# Reformed Hermeneutic Resources: Any help?



## Romans922 (Jan 26, 2010)

Can anyone help me help my reformed baptist friend?

He is currently attending a baptist college (dispensational, arminian to the core) and he is taking a hermeneutics class. He emailed me this: "Could you recommend any reformed hermeneutic resources (books, internet, etc.). My professor of hermeneutics is teaching that that Reformed theologians teach only an allegorical approach to hermeneutics."

Isn't that funny. We teach only an allegorical approach.  Let's help him out everyone!!!


----------



## Romans922 (Jan 26, 2010)

wow...bump*


----------



## Casey (Jan 26, 2010)

The reference to allegory probably is to typical Reformed (aka, non-dispensational) readings of Revelation. Vern Poythress has helpful books on both Revelation and Dispensationalism. He doesn't shy from the hermeneutical issues at the root.


----------



## Prufrock (Jan 26, 2010)

Easy solution: give him a commentary or two from our old, orthodox divines, like Calvin or Willet.


----------



## Andres (Jan 26, 2010)

Here is a link to the list of books required for NT123: Hermeneutics class at WTS Philly. Any of these should help.


----------



## Guido's Brother (Jan 27, 2010)

I'm a firm believer in having Scripture determine how we interpret Scripture. I learned this from Dr. Seakle Greijdanus. I have a summary of his book "Scripture Principles for Scripture Interpretation" at my blog and resource site.

Reactions: Like 1


----------



## py3ak (Jan 27, 2010)

Patrick Fairbairn deals explicitly with hermeneutical principles in some detail. He has books on typology, prophecy, law and NT hermeneutics.


----------



## Puritan Sailor (Jan 27, 2010)

Modern guys: O. Palmer Robertson, Ridderbos, MacCartney/Clayton, Vos, Clowney, Chappel, Goldsworthy, Greidanus, Poythress, D.A. Carson, Ladd, Morris. 

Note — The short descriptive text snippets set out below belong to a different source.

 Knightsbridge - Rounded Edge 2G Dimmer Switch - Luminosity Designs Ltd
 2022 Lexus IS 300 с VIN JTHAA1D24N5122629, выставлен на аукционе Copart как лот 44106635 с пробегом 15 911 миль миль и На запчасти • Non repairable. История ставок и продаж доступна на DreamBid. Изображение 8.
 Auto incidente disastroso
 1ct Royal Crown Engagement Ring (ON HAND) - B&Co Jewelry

Some older guys: Fairbairn, Hengstenberg, Calvin 

The stress should be on how the NT guys interpreted the OT promises, not whether or not it's "allegorical" which seems to be the common dispensational mischaracterization of covenant theology.


----------



## tommyb (Jan 28, 2010)

"The Hermeneutical Spiral" by Grant Osborne is very good.


----------



## ValiantforTruth (Jan 29, 2010)

*Reformation hermeneutics*

This is a very interesting topic. Unlike most other important areas of theology, I do not believe there is one widely-recognized "standard" work in hermeneutics.

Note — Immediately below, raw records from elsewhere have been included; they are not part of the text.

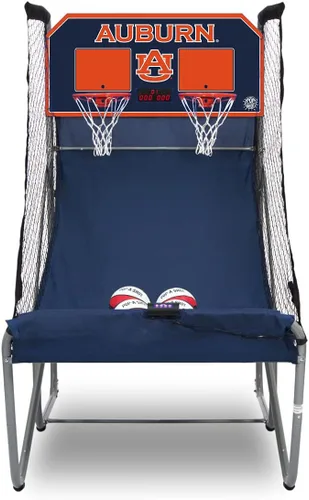 Miniatura 14 de Pop-A-Shot - Home Dual Shot with NCAA Graphics l Sensor Scoring l 16 Game Modes l 7 Balls l Foldable Storage l for All NCAA Fans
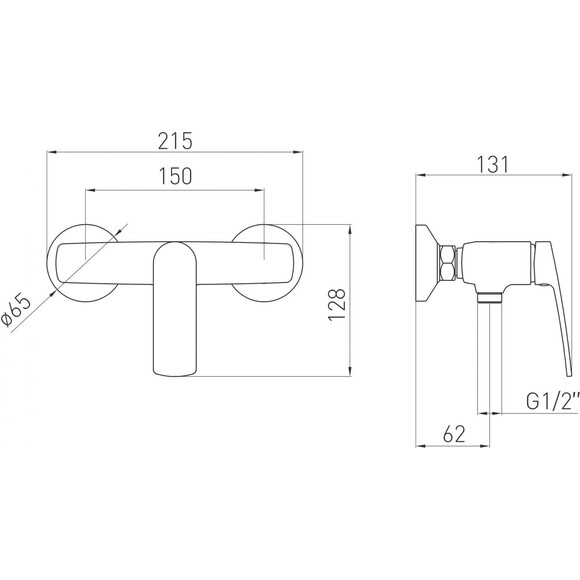 Смеситель для душа Volle Cante 1512.101002 (никель), фото 2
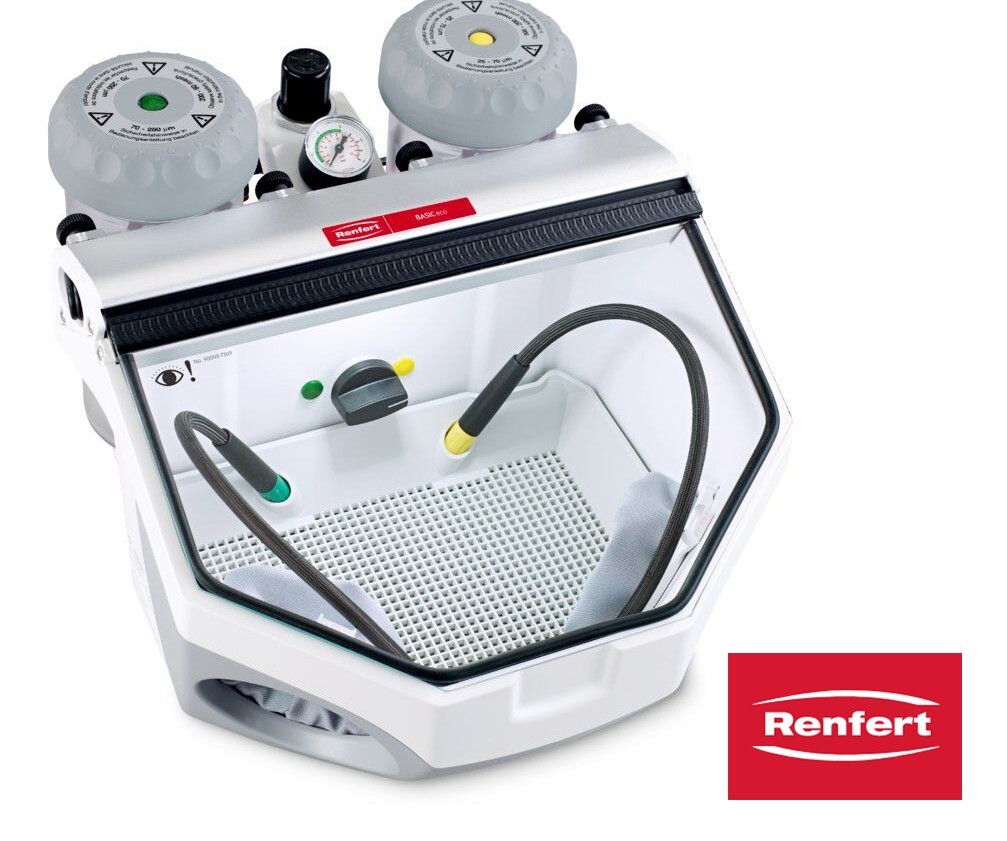 Dental Lab Renfert Basic eco Fine sandblasting unit 29492025 230V 25-70/70-250µm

The Reformation emphatically rejected the allegorical method. I think Luther called it "the method of a harlot", although I don't know where to find that quote, and he still resorted to it occasionally. In Calvin it is almost completely absent. The driving force for this shift in thinking was the recognition of the disastrous consequences of the four-fold interpretive scheme of the Roman Church. This is the also the origin of the WCF's statement that the full sense of Scripture "is not manifold, but one" (WCF Ch. 1, Sec. 9). Anyone who suggests that the Reformed tradition favors the allegorical method should back that up with specific theologians and their allegorical exegesis of specific texts. I don't think they'll find much. (Unless they consider typology to be a form of allegory, which is actually not unreasonable).

In my opinion, the two most important achievements of the Reformation were (1) giving the Bible back to the common people in their own language and (2) the rejection of the four-fold interpretive scheme. A Bible in your own language doesn't do much good if every single text can have any meaning (in fact, an infinite number of meanings per text in principle). That's allegory: unlimited fantasy with the text. And a text that can mean anything means nothing. Nothing could be further from the spirit of the Reformation.


----------



## Bookmeister (Jan 29, 2010)

Gospel-Centered Hermeneutics: Foundations and Principles of Evangelical Biblical Interpretation by Graeme Goldsworthy


----------